*** DATA FOR THIS TASK ***
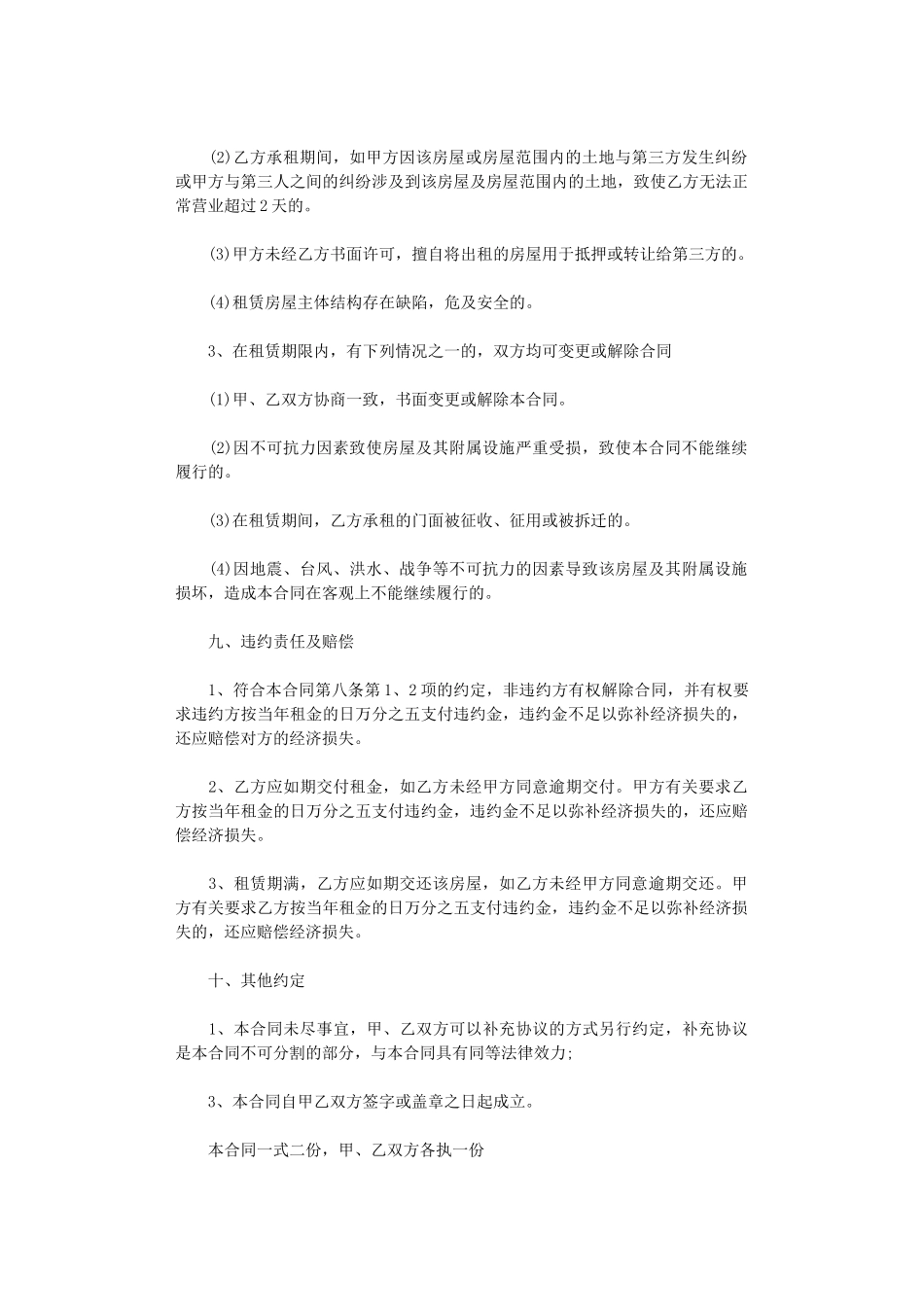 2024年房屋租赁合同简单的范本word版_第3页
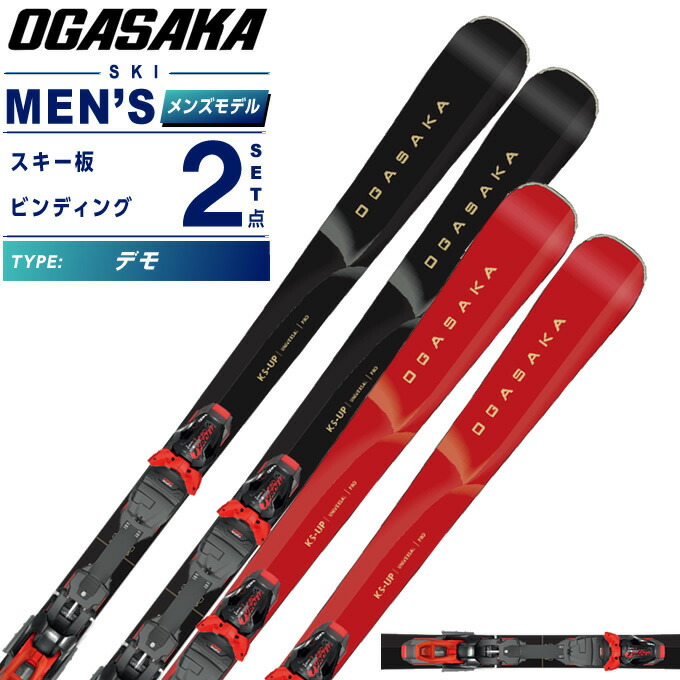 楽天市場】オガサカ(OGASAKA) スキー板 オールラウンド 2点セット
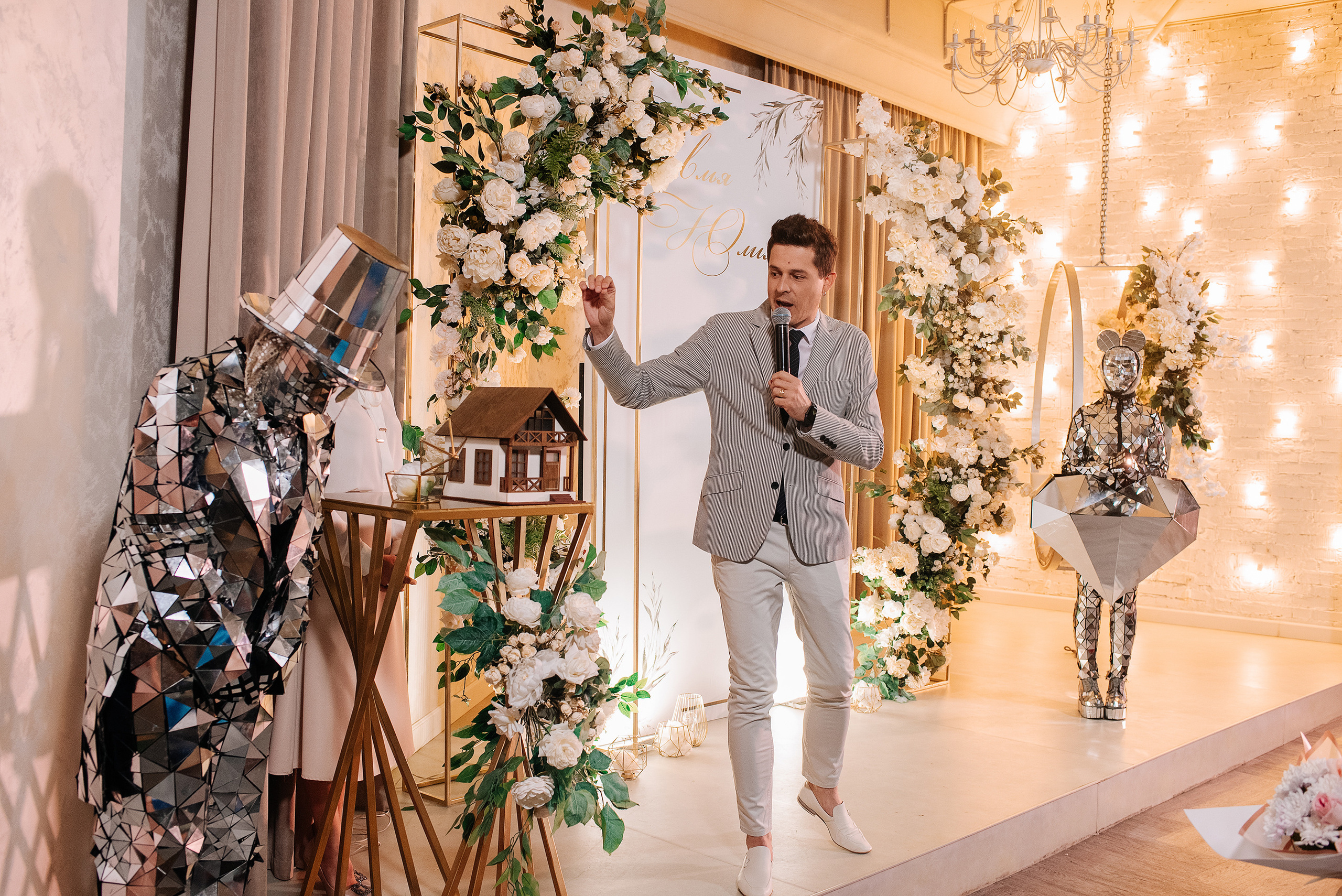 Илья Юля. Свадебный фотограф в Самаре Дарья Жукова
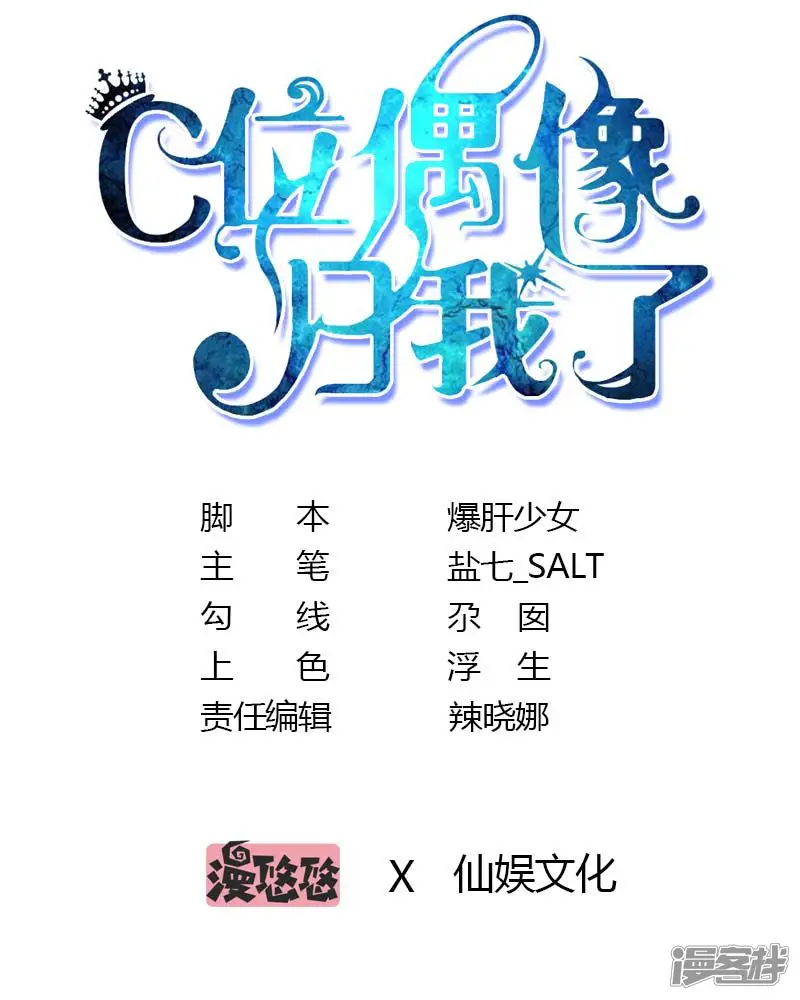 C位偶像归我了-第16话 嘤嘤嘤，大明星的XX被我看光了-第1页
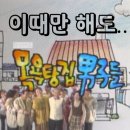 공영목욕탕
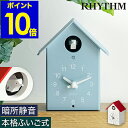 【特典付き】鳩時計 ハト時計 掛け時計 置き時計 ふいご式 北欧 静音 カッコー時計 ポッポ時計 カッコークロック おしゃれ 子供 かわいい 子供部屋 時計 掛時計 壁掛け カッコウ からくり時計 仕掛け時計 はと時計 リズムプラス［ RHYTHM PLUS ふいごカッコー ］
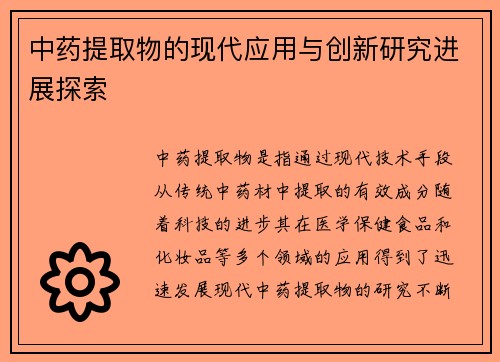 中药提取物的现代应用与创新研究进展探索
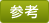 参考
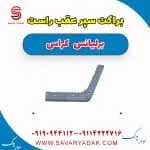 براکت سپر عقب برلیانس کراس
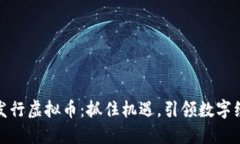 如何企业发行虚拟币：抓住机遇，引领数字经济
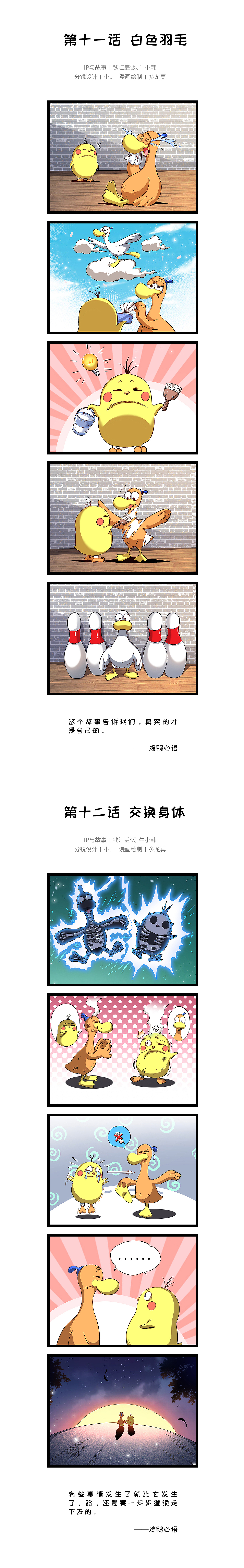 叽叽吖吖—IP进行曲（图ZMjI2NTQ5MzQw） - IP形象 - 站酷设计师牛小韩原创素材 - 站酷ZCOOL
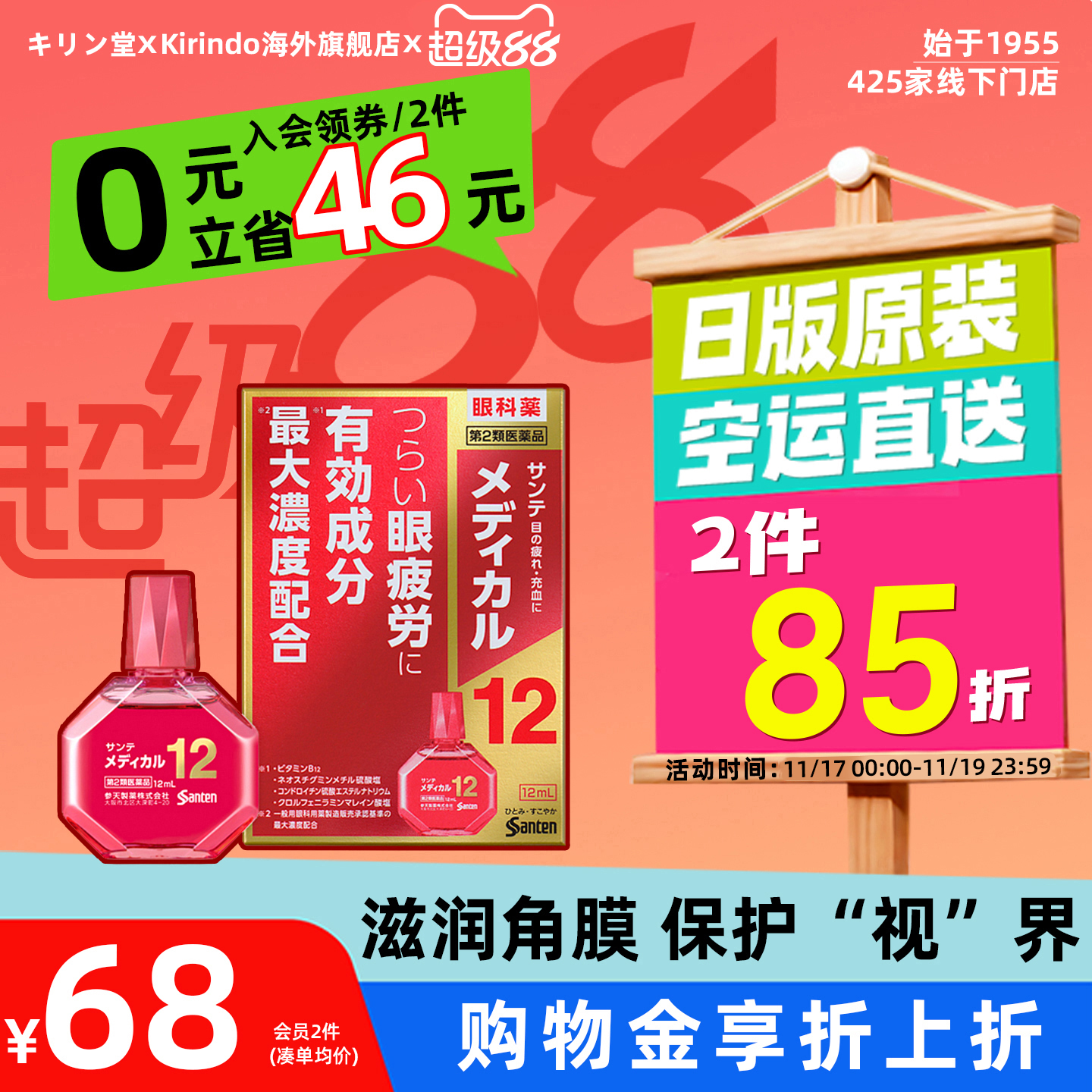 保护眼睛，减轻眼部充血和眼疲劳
***
YOUR GOAL - The records must be copied with no word altered, and without their pictures.

ANSWER BELOW -
 2024年房屋租赁合同简单的范本word版_第3页
 楽天市場】オガサカ(OGASAKA) スキー板 オールラウンド 2点セット
 Илья Юля. Свадебный фотограф в Самаре Дарья Жукова
 C位偶像归我了-第16话 嘤嘤嘤，大明星的XX被我看光了-第1页
 공영목욕탕
 【特典付き】鳩時計 ハト時計 掛け時計 置き時計 ふいご式 北欧 静音 カッコー時計 ポッポ時計 カッコークロック おしゃれ 子供 かわいい 子供部屋 時計 掛時計 壁掛け カッコウ からくり時計 仕掛け時計 はと時計 リズムプラス［ RHYTHM PLUS ふいごカッコー ］
 中药提取物的现代应用与创新研究进展探索
 参考
 براکت سپر عقب برلیانس کراس
 如何企业发行虚拟币：抓住机遇，引领数字经济
 叽叽吖吖—IP进行曲（图ZMjI2NTQ5MzQw） - IP形象 - 站酷设计师牛小韩原创素材 - 站酷ZCOOL
 保护眼睛，减轻眼部充血和眼疲劳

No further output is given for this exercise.